Worth every penny, and that's not something I have said for any other engineering text I've purchased over the years.
If you think you're even remotely interested in Electronics, you need to get this book.
When I go to bed I read 2 hours, and when I wake up next to the book another 2 hours of reading ensues. Then during the day I think about the gems of knowledge this book shares. This book is so amazing, it should actually be a well-kept secret- like a treasure on an island.
Best money I spent this year for sure.
I'm a satisfied customer.
Further, I believe my career in engineering boils down to a few distinct pushes in that direction before it was in my blood (and therefore too late). One of the big ones was getting a copy of AoE 2nd Edition in school.
So, I would have bought the 3rd edtion no matter what.
Incredibly, the 3rd edition has expanded many of the things I loved about the 2nd edition. The section on low noise design is much better and much more useful and it was pretty great before. The digital stuff is obviously much more relevant (although it may not stay that way). The "circuits from the masters" sections and the case studies of specific circuit designs are fascinating and useful (although I do miss the hilarious "bad circuits" sections).

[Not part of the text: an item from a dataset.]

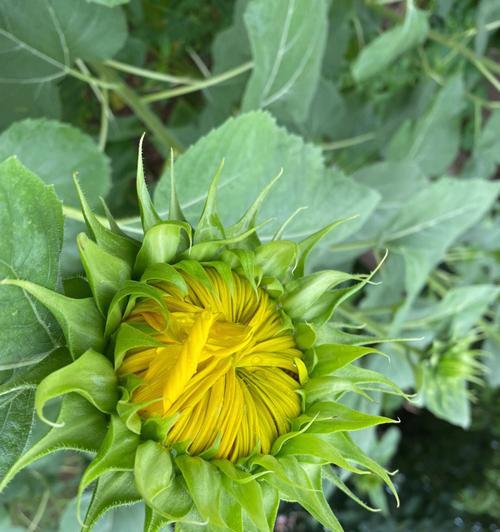 向日葵花期几月份（关于向日葵开花季节）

Finally, and most importantly, you can tell that H&H themselves were active engineers in the world between the last edition and this one -- building circuits and solving problems and reading other works and being influenced by the work and scholarship and generally just continuing to rule. The dedication to Jim Williams showed that like me and all other analog nerds I know out there, they had been eagerly reading all his stuff. The section on microcontrollers exactly parallels some of the design ideas, biases, and gut feelings that I and other embedded engineers have taken the past fifteen years developing by plowing through all the exciting architecture and tool changes that have happened from EEPROM PICs to ARMs.
Finally, the intellectual integrity, raw practicality, and HANDS-ON-ness of this book are unparalleled. If everybody were required to read this book before designing circuits, there would be a lot fewer crappy circuits out there.
Oh, yeah. And it's fun, too.
That brings me to my one wish. If ever there was a volume that cries out for an ebook version for easy access via iThings it is this tome. It would be wonderful airline reading, but that borders on physical impossibility. True, my one-volume microform edition of the OED would be more ungainly, but that falls short of a glowing endorsement of the exercise.
So please, gentlepersons at the most noble Cambridge University Press, please take pity on those of us who would like to soak up spare moments with this book, and give us an ebook edition to accompany the physical artifact.
Things you will recognize from the first 2 editions: The enthusiasm for electronics comes through in the writing, the clean descriptions and supreme attention to detail in the quality of the schematics, images, and tables.
As a practicing electrical engineer, I've had the full complement of the usual textbooks which are way more theory and less practical experience. However even today, this book (and it's predecessor) are the ones I reach for to answer a quick question. It's a fantastic tutorial and reference.
I'd recommend this to anyone who already has an interest electronics and wants to learn more. It's a book you will keep around and use for a long time. I am so glad to see the 3rd edition.
I recommend reading the included prefaces (from each of the 3 editions) it's a slice through 30 years or more of the history of electronics.
And a sad note: The authors mention the difficulty of experimenting with tiny surface mount components but offer no solutions. I'm afraid if these two haven't figured it out it may be an insurmountable problem.